Clearly Explain Efficient Attention

anasash-b · anasash-b · commit c5bf10c833ef · 2025-12-06T20:39:39.000+04:00
diff --git a/pytorch_forecasting/layers/_attention/_full_attention.py b/pytorch_forecasting/layers/_attention/_full_attention.py
@@ -36,8 +36,13 @@ class FullAttention(nn.Module):
         scale (float): Scaling factor for attention scores.
         attention_dropout (float): Dropout rate for attention scores.
         output_attention (bool): Whether to output attention weights.
-        use_efficient_attention (bool): Whether to use torch's native efficient
-            scaled dot product attention implementation.
+        use_efficient_attention (bool): Whether to use PyTorch's native,
+            optimized Scaled Dot Product Attention implementation which can
+            reduce computation time and memory consumption for longer sequences.
+            PyTorch automatically selects the optimal backend (FlashAttention-2,
+            Memory-Efficient Attention, or their own C++ implementation) based
+            on user's input properties, hardware capabilities, and build
+            configuration.
     """
 
     def __init__(
diff --git a/pytorch_forecasting/models/timexer/_timexer.py b/pytorch_forecasting/models/timexer/_timexer.py
@@ -121,7 +121,11 @@ def __init__(
             ('relu' or 'gelu').
         use_efficient_attention (bool, optional): If set to True, will use
             PyTorch's native, optimized Scaled Dot Product Attention
-            Implementation.
+            implementation which can reduce computation time and memory
+            consumption for longer sequences. PyTorch automatically selects the
+            optimal backend (FlashAttention-2, Memory-Efficient Attention, or
+            their own C++ implementation) based on user's input properties,
+            hardware capabilities, and build configuration.

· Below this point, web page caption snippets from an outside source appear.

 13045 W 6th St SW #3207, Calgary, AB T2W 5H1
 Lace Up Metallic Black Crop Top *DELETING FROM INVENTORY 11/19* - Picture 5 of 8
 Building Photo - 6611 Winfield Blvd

         patch_length (int, optional): Length of each non-overlapping patch for
             endogenous variable tokenization.

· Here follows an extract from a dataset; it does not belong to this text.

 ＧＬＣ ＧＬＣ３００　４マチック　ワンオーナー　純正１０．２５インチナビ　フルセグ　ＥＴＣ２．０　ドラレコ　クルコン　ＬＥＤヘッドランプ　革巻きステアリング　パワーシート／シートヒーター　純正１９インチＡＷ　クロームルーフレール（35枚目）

         use_norm (bool, optional): Whether to apply normalization to input data.
diff --git a/pytorch_forecasting/models/timexer/_timexer_v2.py b/pytorch_forecasting/models/timexer/_timexer_v2.py
@@ -59,7 +59,11 @@ class TimeXer(TslibBaseModel):
         Activation function to use in the feed-forward network. Common choices are 'relu', 'gelu', etc.
     use_efficient_attention: bool, default=False
         If set to True, will use PyTorch's native, optimized Scaled Dot Product
-        Attention Implementation.
+        Attention implementation which can reduce computation time and memory
+        consumption for longer sequences. PyTorch automatically selects the
+        optimal backend (FlashAttention-2, Memory-Efficient Attention, or their
+        own C++ implementation) based on user's input properties, hardware
+        capabilities, and build configuration.

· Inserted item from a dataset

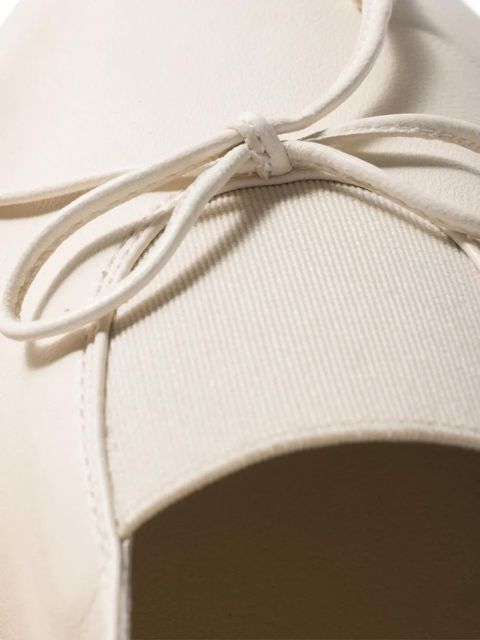 Miu Miu bow-detail ballet flats - Neutrals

     endogenous_vars: Optional[list[str]], default=None
         List of endogenous variable names to be used in the model. If None, all historical values
         for the target variable are used.
diff --git a/pytorch_forecasting/models/timexer/sub_modules.py b/pytorch_forecasting/models/timexer/sub_modules.py
@@ -37,8 +37,13 @@ class FullAttention(nn.Module):
         scale (float): Scaling factor for attention scores.
         attention_dropout (float): Dropout rate for attention scores.
         output_attention (bool): Whether to output attention weights.
-        use_efficient_attention (bool): Whether to use torch's native efficient
-            scaled dot product attention implementation.
+        use_efficient_attention (bool): Whether to use PyTorch's native,
+            optimized Scaled Dot Product Attention implementation which can
+            reduce computation time and memory consumption for longer sequences.
+            PyTorch automatically selects the optimal backend (FlashAttention-2,
+            Memory-Efficient Attention, or their own C++ implementation) based
+            on user's input properties, hardware capabilities, and build
+            configuration.
     """
 
     def __init__(